Media Representations and Research Methods: Critical Discourse Analysis, Social Semiotics and News Framing

online course
when 19 August 2024 - 30 August 2024
language English
duration 2 weeks
credits 2 EC
fee EUR 499

How do you make sense of the wide variety of perspectives in the media? For example, how can we interpret newspaper coverage of the War in Ukraine, tweets by Elon Musk, or Instagram posts on climate change, food, and migration? This course offers you academic yet practical answers to these questions. It teaches you the analytical skills to study the possible meanings of textual and visual media representations.
Interactive lectures raise your understanding of concepts and methods, helping you examine what combinations of words and/or visual elements could mean in terms of a broader debate in society. These lectures further teach you how national identities and power relations affect the interpretations of media representations.
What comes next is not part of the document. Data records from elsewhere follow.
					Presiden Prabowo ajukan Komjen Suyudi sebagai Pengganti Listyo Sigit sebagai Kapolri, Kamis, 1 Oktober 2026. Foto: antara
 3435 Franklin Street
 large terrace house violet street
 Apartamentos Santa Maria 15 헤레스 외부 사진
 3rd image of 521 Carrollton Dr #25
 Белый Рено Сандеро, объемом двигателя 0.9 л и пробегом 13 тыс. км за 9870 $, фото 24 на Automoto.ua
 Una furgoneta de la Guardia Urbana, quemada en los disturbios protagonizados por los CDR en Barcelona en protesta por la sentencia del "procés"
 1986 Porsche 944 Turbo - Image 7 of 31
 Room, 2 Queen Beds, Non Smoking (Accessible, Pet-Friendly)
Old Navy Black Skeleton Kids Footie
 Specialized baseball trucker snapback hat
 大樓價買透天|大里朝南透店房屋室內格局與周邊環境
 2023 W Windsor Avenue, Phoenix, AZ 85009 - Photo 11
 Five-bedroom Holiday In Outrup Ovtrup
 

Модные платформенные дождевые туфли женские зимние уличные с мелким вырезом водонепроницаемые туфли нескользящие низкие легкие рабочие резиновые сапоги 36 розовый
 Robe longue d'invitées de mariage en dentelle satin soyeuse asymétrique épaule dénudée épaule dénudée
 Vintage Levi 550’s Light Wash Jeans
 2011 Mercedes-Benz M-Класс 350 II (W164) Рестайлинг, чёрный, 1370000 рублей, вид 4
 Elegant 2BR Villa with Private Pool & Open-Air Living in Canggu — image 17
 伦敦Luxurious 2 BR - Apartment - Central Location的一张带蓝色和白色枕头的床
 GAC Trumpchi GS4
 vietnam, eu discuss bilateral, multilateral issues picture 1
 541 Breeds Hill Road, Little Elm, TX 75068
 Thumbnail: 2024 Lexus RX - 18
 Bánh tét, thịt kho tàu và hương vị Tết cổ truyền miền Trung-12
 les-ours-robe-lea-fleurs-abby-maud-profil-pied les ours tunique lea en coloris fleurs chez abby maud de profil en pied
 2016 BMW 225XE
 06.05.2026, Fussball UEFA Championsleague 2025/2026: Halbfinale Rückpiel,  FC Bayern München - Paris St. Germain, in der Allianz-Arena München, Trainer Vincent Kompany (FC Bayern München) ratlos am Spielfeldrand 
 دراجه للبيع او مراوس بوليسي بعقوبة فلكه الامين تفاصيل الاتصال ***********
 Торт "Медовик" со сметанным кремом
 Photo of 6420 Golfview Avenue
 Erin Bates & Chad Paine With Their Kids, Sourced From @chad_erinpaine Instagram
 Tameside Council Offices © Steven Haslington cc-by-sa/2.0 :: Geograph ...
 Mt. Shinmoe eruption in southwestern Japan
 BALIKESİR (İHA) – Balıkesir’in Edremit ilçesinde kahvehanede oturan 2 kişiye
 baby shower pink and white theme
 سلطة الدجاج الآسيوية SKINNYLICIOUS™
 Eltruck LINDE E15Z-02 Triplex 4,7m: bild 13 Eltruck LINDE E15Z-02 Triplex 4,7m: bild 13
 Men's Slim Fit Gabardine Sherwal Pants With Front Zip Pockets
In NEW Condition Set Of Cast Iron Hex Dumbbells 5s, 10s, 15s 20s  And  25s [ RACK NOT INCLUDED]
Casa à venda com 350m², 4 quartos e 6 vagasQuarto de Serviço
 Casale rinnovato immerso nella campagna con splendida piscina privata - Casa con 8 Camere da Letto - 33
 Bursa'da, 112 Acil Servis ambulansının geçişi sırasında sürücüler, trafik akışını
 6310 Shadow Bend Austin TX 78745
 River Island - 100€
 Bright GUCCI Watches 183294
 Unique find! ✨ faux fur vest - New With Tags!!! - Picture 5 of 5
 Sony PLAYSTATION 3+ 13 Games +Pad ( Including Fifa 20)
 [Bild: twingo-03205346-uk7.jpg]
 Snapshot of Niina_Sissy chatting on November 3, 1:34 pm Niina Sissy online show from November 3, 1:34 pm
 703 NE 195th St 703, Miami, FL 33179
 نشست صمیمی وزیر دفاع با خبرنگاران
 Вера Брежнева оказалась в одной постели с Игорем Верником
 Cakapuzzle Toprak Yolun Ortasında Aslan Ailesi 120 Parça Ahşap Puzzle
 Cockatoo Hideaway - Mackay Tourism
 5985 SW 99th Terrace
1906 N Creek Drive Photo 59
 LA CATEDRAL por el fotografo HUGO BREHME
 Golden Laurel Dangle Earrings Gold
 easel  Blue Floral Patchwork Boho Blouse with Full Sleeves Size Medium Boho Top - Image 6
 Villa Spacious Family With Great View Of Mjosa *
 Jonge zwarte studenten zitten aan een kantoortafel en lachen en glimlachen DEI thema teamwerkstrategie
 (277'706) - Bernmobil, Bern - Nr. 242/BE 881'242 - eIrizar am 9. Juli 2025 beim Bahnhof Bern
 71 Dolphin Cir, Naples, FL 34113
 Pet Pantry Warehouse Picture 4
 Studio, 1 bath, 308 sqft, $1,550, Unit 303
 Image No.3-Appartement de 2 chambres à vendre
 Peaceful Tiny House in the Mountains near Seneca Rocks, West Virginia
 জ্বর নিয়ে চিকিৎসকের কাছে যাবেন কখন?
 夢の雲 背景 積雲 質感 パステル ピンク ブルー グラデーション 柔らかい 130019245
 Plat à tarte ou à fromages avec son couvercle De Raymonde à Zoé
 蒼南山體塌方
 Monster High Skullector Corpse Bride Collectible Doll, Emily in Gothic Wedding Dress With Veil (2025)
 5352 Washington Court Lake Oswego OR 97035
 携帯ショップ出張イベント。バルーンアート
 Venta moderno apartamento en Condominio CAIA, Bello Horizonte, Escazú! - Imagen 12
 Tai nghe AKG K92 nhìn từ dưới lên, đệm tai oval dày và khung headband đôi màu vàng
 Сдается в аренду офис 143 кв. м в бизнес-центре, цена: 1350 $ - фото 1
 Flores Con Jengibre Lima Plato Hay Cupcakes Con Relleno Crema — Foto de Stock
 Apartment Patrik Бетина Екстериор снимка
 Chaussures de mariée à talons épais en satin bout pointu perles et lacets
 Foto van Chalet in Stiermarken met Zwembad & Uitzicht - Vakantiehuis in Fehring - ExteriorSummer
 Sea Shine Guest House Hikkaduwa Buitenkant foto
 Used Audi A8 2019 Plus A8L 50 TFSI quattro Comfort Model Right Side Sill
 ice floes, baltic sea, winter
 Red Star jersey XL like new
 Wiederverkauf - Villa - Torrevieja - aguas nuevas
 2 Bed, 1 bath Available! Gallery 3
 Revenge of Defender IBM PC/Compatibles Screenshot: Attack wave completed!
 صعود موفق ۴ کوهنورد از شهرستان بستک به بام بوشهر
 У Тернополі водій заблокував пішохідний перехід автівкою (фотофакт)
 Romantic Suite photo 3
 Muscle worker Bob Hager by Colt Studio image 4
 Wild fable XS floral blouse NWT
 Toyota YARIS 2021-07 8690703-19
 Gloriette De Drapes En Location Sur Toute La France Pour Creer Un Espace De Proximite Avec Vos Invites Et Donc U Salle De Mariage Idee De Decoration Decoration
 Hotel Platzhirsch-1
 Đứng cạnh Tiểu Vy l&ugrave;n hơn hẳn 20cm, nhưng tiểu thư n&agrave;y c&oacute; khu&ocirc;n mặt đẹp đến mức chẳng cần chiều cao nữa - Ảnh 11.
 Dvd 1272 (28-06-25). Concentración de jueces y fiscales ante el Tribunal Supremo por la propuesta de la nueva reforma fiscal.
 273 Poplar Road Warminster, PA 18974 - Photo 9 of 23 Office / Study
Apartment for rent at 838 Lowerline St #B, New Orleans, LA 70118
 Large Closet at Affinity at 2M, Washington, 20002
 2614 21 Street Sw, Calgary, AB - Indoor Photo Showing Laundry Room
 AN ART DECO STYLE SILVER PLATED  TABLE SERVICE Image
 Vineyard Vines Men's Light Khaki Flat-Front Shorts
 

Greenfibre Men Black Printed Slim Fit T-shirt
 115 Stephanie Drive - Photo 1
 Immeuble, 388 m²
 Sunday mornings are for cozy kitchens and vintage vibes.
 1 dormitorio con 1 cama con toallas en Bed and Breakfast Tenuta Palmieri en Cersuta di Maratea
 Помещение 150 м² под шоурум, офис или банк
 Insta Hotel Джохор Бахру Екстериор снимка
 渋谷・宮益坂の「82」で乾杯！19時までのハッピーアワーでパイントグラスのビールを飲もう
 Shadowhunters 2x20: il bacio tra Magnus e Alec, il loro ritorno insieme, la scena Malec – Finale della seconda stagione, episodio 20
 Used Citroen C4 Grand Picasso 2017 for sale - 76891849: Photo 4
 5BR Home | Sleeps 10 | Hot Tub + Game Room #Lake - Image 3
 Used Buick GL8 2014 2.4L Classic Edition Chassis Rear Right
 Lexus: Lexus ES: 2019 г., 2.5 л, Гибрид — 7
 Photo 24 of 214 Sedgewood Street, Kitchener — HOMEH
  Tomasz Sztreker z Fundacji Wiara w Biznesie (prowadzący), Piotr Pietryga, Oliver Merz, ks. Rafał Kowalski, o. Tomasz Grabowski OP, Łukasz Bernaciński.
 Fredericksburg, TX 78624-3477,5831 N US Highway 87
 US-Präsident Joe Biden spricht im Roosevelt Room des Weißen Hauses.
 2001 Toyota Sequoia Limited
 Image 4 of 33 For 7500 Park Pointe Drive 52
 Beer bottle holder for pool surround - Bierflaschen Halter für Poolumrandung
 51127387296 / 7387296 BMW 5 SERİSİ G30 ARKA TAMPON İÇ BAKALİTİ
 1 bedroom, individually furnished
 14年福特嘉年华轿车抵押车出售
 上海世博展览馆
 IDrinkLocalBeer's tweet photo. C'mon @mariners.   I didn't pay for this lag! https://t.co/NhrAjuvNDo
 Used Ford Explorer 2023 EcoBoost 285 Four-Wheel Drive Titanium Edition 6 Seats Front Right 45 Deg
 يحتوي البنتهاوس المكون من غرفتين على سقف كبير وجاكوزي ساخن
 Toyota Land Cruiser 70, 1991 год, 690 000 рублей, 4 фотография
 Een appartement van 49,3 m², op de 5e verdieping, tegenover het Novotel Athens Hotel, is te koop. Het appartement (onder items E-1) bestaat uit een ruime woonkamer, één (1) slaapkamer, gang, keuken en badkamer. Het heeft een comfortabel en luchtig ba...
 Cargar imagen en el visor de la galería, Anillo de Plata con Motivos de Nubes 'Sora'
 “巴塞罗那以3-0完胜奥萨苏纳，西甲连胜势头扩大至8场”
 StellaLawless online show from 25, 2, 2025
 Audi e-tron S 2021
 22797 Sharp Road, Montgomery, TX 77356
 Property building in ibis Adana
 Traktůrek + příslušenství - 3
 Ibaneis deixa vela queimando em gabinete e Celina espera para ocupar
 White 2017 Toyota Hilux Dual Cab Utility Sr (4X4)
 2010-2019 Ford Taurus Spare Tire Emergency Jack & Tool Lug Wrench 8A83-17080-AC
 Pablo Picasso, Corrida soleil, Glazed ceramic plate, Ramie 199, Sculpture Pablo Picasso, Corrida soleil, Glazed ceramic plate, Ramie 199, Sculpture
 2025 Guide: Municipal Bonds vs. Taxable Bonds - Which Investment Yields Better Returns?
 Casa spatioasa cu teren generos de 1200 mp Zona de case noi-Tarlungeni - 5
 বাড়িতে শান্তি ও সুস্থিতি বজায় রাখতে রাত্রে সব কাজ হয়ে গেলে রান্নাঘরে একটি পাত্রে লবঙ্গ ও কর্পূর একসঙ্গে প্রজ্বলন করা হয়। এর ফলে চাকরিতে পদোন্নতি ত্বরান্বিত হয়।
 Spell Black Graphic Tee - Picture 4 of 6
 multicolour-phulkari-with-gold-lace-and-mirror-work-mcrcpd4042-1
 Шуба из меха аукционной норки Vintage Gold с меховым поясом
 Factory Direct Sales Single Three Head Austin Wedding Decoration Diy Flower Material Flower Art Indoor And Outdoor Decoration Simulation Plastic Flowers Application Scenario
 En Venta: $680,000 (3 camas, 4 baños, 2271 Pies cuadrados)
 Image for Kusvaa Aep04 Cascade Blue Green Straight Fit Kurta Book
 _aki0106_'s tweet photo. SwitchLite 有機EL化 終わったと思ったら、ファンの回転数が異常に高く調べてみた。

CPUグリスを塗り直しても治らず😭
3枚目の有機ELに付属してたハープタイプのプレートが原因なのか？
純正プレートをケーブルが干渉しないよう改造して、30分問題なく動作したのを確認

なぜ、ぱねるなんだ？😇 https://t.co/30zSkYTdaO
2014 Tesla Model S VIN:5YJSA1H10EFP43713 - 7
Your individual assignment concerns a short paper, in which you apply a method to study one or two news articles, short YouTube videos, or social media posts. You will write and present this paper during this two-week course.
Exclusively for this Summer School, Dr. Leonhardt van Efferink developed a template that helps you write a well-structured course paper. On top of this, he offers individual feedback in class and active personal tutoring by e-mail. Finally, his support includes a comprehensive framework to develop focused, consistent, and transparent research questions.

Course leader

Dr. Leonhardt van Efferink

Target group

▪ The willingness, availability, and English writing skills to be able to work on your course paper during the course, next to attending online lectures on various days.
▪ Willingness and ability to give a few short online presentations in English during the course.
▪ Aimed at PhD students, for example in the disciplines of Media Studies, Journalism, Cultural Studies, Linguistics, Political Sciences, International Relations, Geography, History, Sociology, Economics and Business.
▪ Several Master and Bachelor students, as well as professionals, managed to get a PASS for the course in previous years. However, they were highly motivated and worked hard.
Please contact Leonhardt to discuss whether this course suits you if you are in doubt.

Course aim

• Write a well-structured research paper in which you study media representations with textual and/or visual elements (e.g., newspaper/magazine articles with photos, cartoons, and Instagram/Twitter posts).
• Develop a research method that draws on critical discourse analysis, social semiotic analysis, and/or news framing analysis, in line with your research objectives.
• Formulate research questions that are clear, focused, and consistent, saving you a lot of time later in the research process.
• Compile a dataset for your thesis or dissertation that is manageable and relevant.
• Understand the complexity of text-image relations and their role in meaning-making processes.
• Explain the role of the national and ideological contexts in which (social) media content is being produced.

Fee info

EUR 499: Tuition fee

Scholarships

No scholarships are available for this course.